Bandara and Yu (2003) regard NAFTA and EU as the two biggest partners of South Asian countries and that these will gain from the welfare activities brought into place by the SAFTA thus bringing about better integration among the western and eastern trading systems. Albertin (2008), however, believes that regionalism increases transaction costs such as currency changes, search/information costs and bargaining costs, crucially affecting the incentives for multilateralism, causing infeasibility, as policymakers may prefer the RTA to multilateral FTAs.
This could pose as a stumbling block on the integration of regional economies into the multilateral system. Hence, the argument remains divided on this issue; however, the outcome seems to depend on policymakers as to how they balance between preferential and multilateral systems. 6. Conclusion Overall, it seems that the SAFTA has neutral implications on global trade, positive implications of global investment, neutral implications on production efficiency and neutral implications on better integration with the multilateral system.

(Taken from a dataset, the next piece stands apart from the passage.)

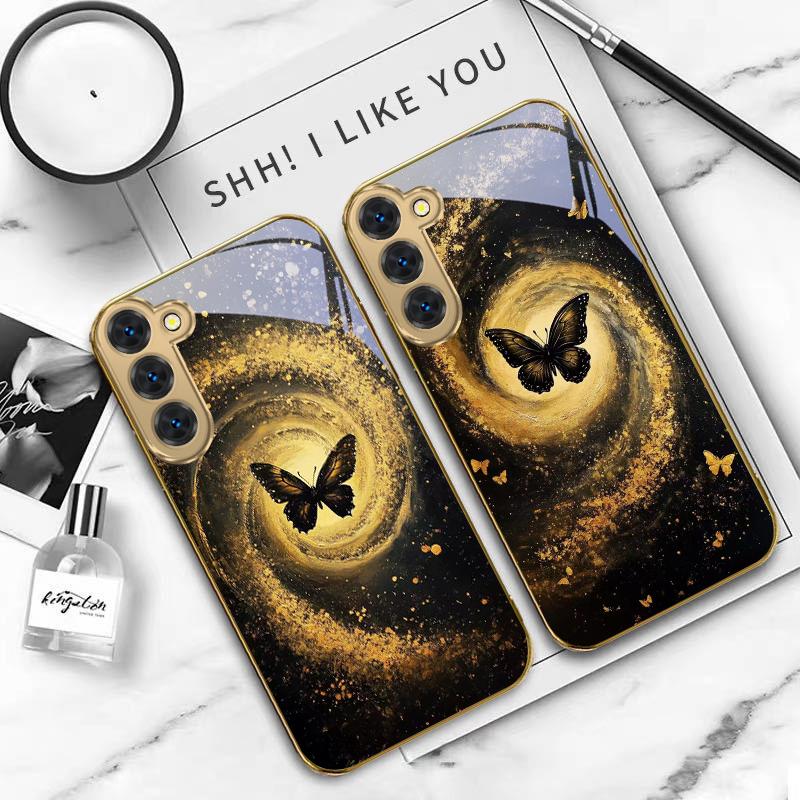 Vortex Black Butterfly For Samsung Galaxy S20 FE S21 S22 S23 Plus S24 Ultra S25Ultra S21+ S9+ S22Plus Golden glass phone case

It seems that the SAFTA will not be a major turning point for emerging South Asian economies such as India, as Rodriguez-Delgado (2007) points that trade agreements with NAFTA, EU or ASEAN would generate higher trade flows than SAFTA. However, for smaller countries such as Bhutan and Nepal regional trade is the main channel. A lot of the benefits of the SAFTA also depend on the political disputes such as between India and Pakistan, which have, in the past severely hampered the progress of SAARC and SAPTA (Bandara and Yu, 2003; Jain, 1999).
Small countries can lose or gain marginally and big countries such as India are likely to be significant winners, however, these countries should make sure smaller and under-developed countries also gain from the FTA. In essence, SAPTA and SAFTA should help member countries engage in better unilateral liberalisation (Srinivasan, 1998) and keep the momentum of liberalisation going for better economic development of the region.